Documentation like product requirement documents and functional spec documents consolidate market and user research into a unified vision. Style guides help ensure consistency and adherence to best practices during the design stage.

Design

Design documents are often the physical design itself, we typically create these in either Figma or Adobe XD. They change in both form and complexity as the design process advances, and the types of documents, including their fidelity, can vary greatly.

While there are many advantages to designing quickly and creating a final product as soon as possible, it’s important not to cut corners. That doesn’t make them all necessary, though we may skip ones that aren’t applicable to our project or add relevant value.

Sitemaps

These are outlines of our information architecture, showing how our pages are connected to one another.

Wireframes

These are the barebone structures of our product; dedicating time to building one allows us to flesh out our sitemap without more complex details as distractions. The most basic form of prototyping to explore the efficiency and usability of your design. Good for brainstorming and inviting feedback from others due to its simple format and lack of colors, images etc.

User Flows

Once we’ve done enough user research, we can start outlining how the pages in your design correspond with user actions. User flows are fast shorthand notes that help you improve the efficiency of your design. You can evaluate the amount of friction at each step and minimize steps when possible.

Mockups

These allow us to focus solely on the visual details of our product, creating a hi-fidelity reference for how it should look.

High-Fidelity Interactive Prototypes

The last iterations of your product before the live version. Hi-fi prototypes are ideal for fine-tuning the interaction design and animations.

User Testing

Usability testing is the strongest influence on design decisions, we must employ testing for more complex design tasks moving forward.

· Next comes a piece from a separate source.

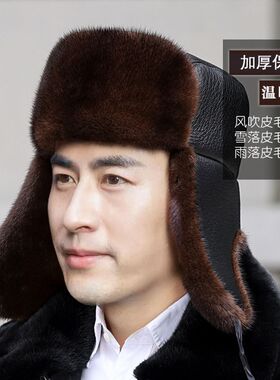 冬季加厚棉帽雷锋帽男防水防寒区帽火车头防寒保暖保安大棉帽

It helps ensure we aren’t forcing users into unnatural paths of behavior, and also counterbalance stakeholder feedback. This may not however be the final stage —  the results of the tests often lead to further research and iteration.

This stage must not only come after the design phase. Testing should occur early and often — it should happen alongside the design process at different intervals so that the results can be integrated into further designs. As a minimum, test between multiple iterations.

User Testing Documentation

Testing documentation can come in the form of plans, the tests themselves, and the results. Share everything among the team, so a standardized form for these documents will streamline the process.

Usability Test Plans

These outline our test goals and procedural details such as the location and time, or even the specific questions/tasks. These are especially useful for stakeholders to understand what’s being tested and why.

User Tasks

We need to describe to users the exact tasks we wish for them to perform. Be specific, avoid jargon, and don’t provide too many details on the steps needed to accomplish the task, that is what the user will be showing you.

Usability Test Script

If we are monitoring or moderating the user test, we need to employ a script to ensure consistency across tests.

Usability Reports

Once we have the results of the testing, we’ll need to make the data comprehensive to members of various departments who may not have your specific knowledge. The presentation of the data is crucial to ensuring that everyone interprets it correctly.

Wrap Up

Any documentation that doesn’t make the process easier is wasteful, and likewise any documentation that helps, no matter how frivolous it seems, is not a waste.

Documentation should come about naturally, as a result of necessity or best practices. Staples like wireframes, mockups, and prototypes are the most common, but less popular documents like customer journey maps or test plans can, when done properly, be just as useful. However not every step is required for every UX task, one must determine the best course of action for each task.  Only create documentation that moves design forward.